*TASK MATERIAL*.
________________________________________

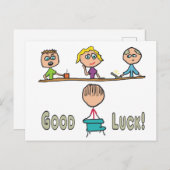 Good Luckインタビュー ポストカード (正面/裏面)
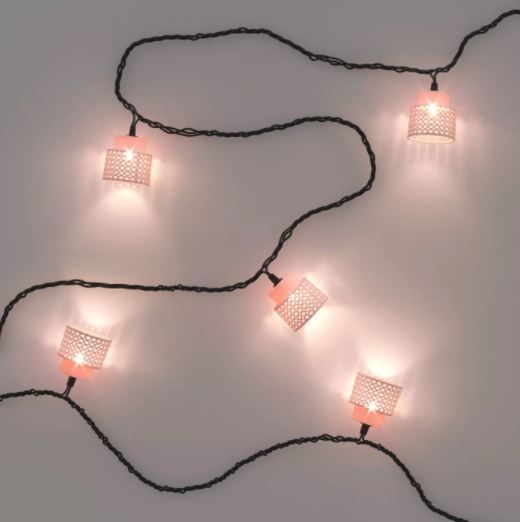 Incandescent Outdoor String Lantern Lights White Punched thumbnail 3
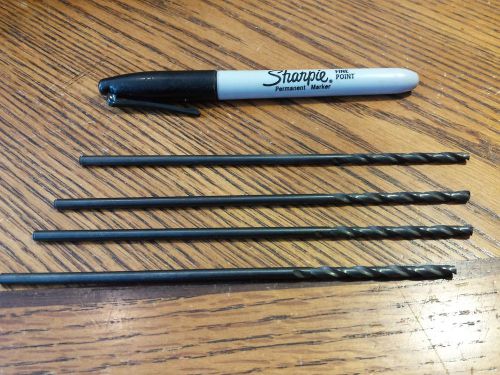 Ptd drill bits, size #22,  m42 steel, 4 mm,  extension, 6&#034; long, lot of 4,  new for sale
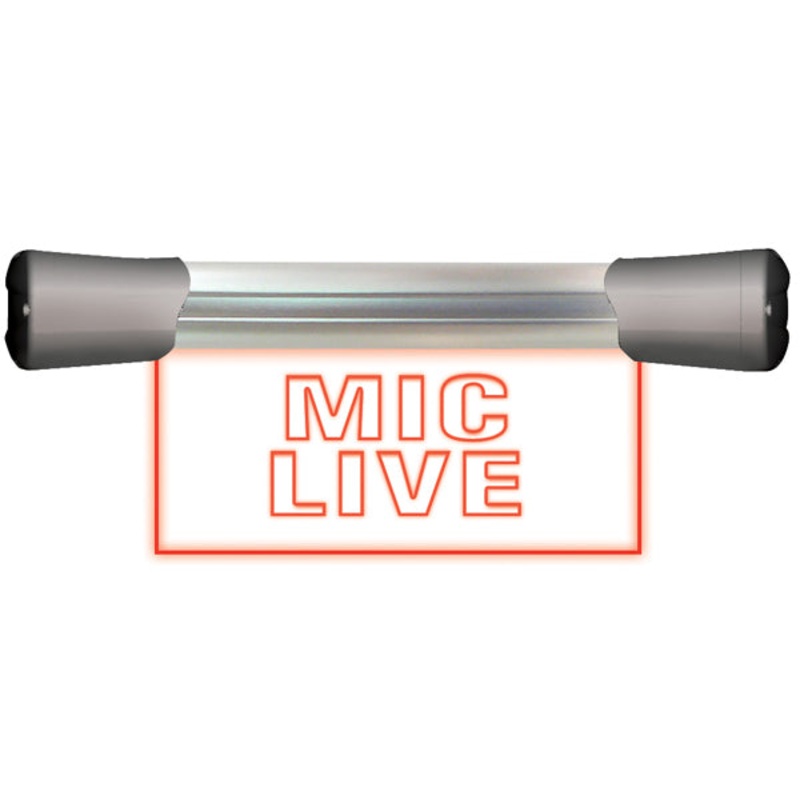 Sonifex LD-20F1MCL LED Single Flush Mounting 20cm MIC LIVE Sign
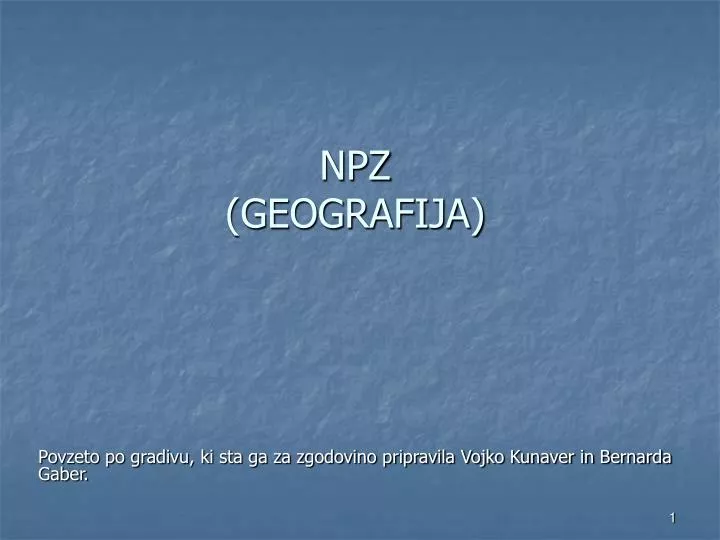 npz geografija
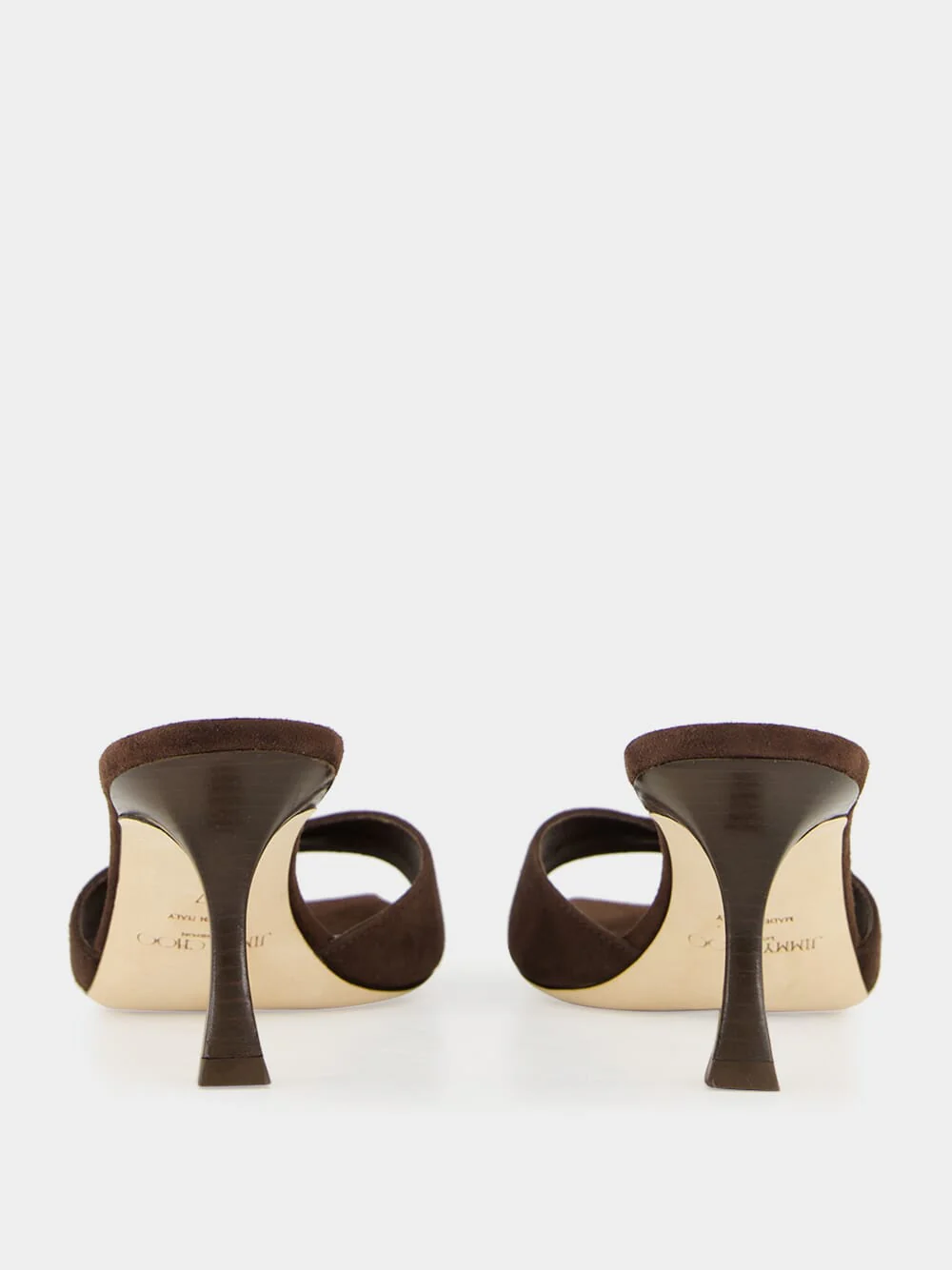 Chocolate Brown Suede Skye Sandals - Image 5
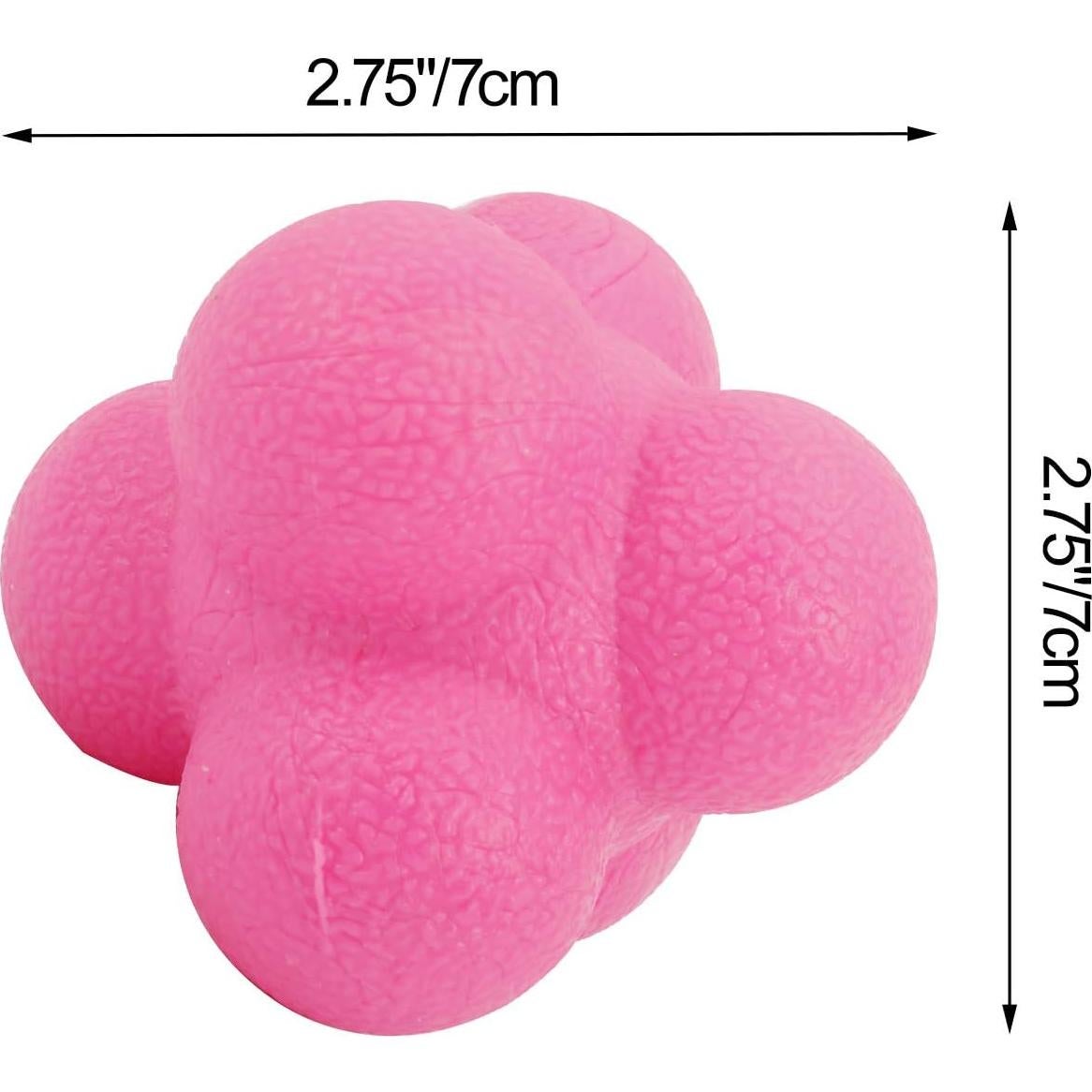 Pelotas de Reacción de Caucho Yaegoo 6 Pcs 7cm Entrenamiento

________________________________________

*PROBLEM REQUIREMENTS*.
Pick up at the line containing "Incandescent Outdoor String" and copy each line exactly until the data ends, including that last line; copy no pictures.

*YOUR RESPONSE*.
 Incandescent Outdoor String Lantern Lights White Punched thumbnail 3
 Ptd drill bits, size #22,  m42 steel, 4 mm,  extension, 6&#034; long, lot of 4,  new for sale
 Sonifex LD-20F1MCL LED Single Flush Mounting 20cm MIC LIVE Sign
 npz geografija
 Chocolate Brown Suede Skye Sandals - Image 5
 Pelotas de Reacción de Caucho Yaegoo 6 Pcs 7cm Entrenamiento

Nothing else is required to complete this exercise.